* _TASK OBJECTIVE_: Starting from the line that holds "a man's arm with a snake tattoo on it", output exactly each line through the end of the listing. Do not copy pictures.

++++++++

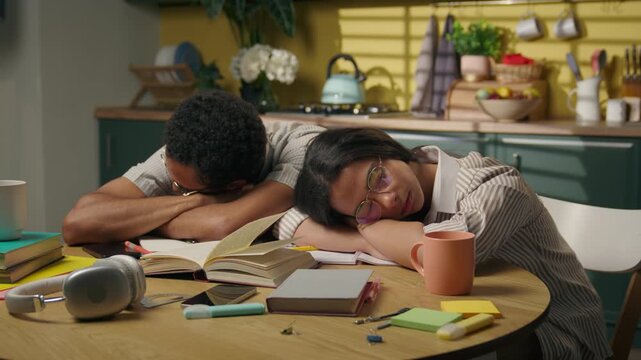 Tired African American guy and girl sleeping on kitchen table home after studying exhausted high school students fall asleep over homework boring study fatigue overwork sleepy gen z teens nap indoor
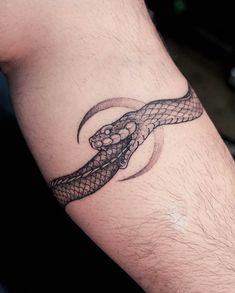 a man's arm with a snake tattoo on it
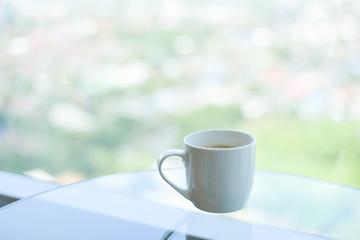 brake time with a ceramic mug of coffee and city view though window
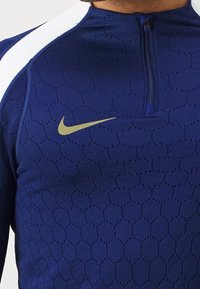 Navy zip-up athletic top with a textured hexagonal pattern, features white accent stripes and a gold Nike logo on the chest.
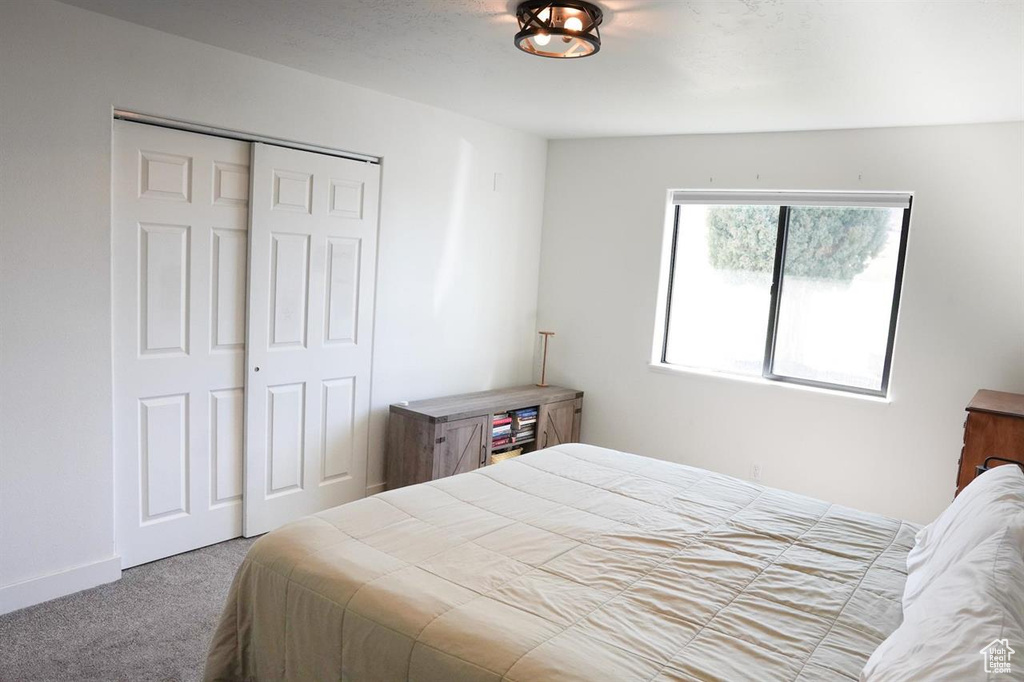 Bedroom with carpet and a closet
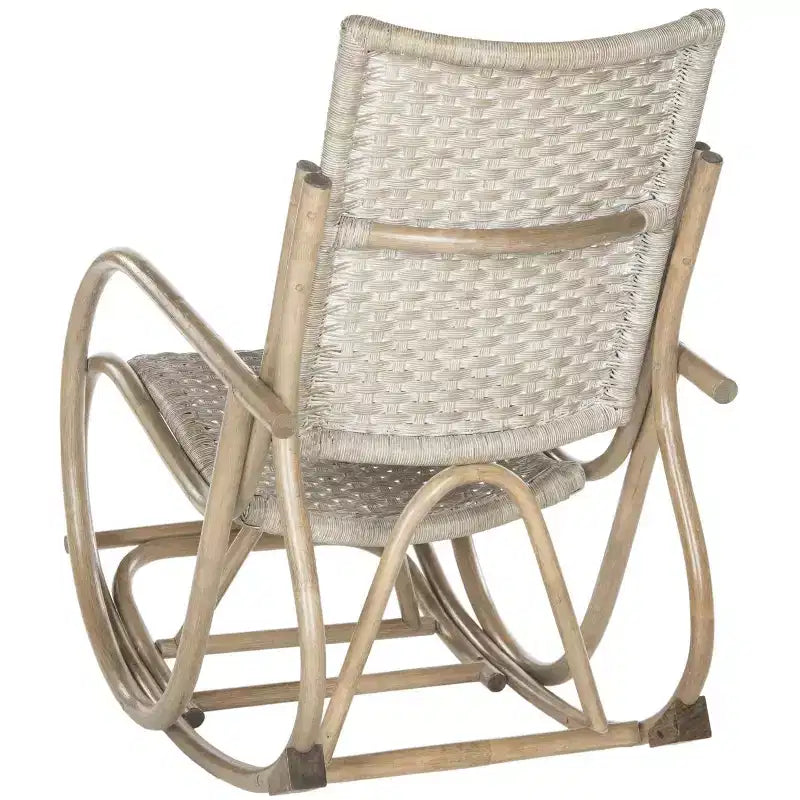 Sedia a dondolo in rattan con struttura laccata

++++++++

* _TASK ANSWER_:
 a man's arm with a snake tattoo on it
 brake time with a ceramic mug of coffee and city view though window
 Navy zip-up athletic top with a textured hexagonal pattern, features white accent stripes and a gold Nike logo on the chest.
 Bedroom with carpet and a closet
 Sedia a dondolo in rattan con struttura laccata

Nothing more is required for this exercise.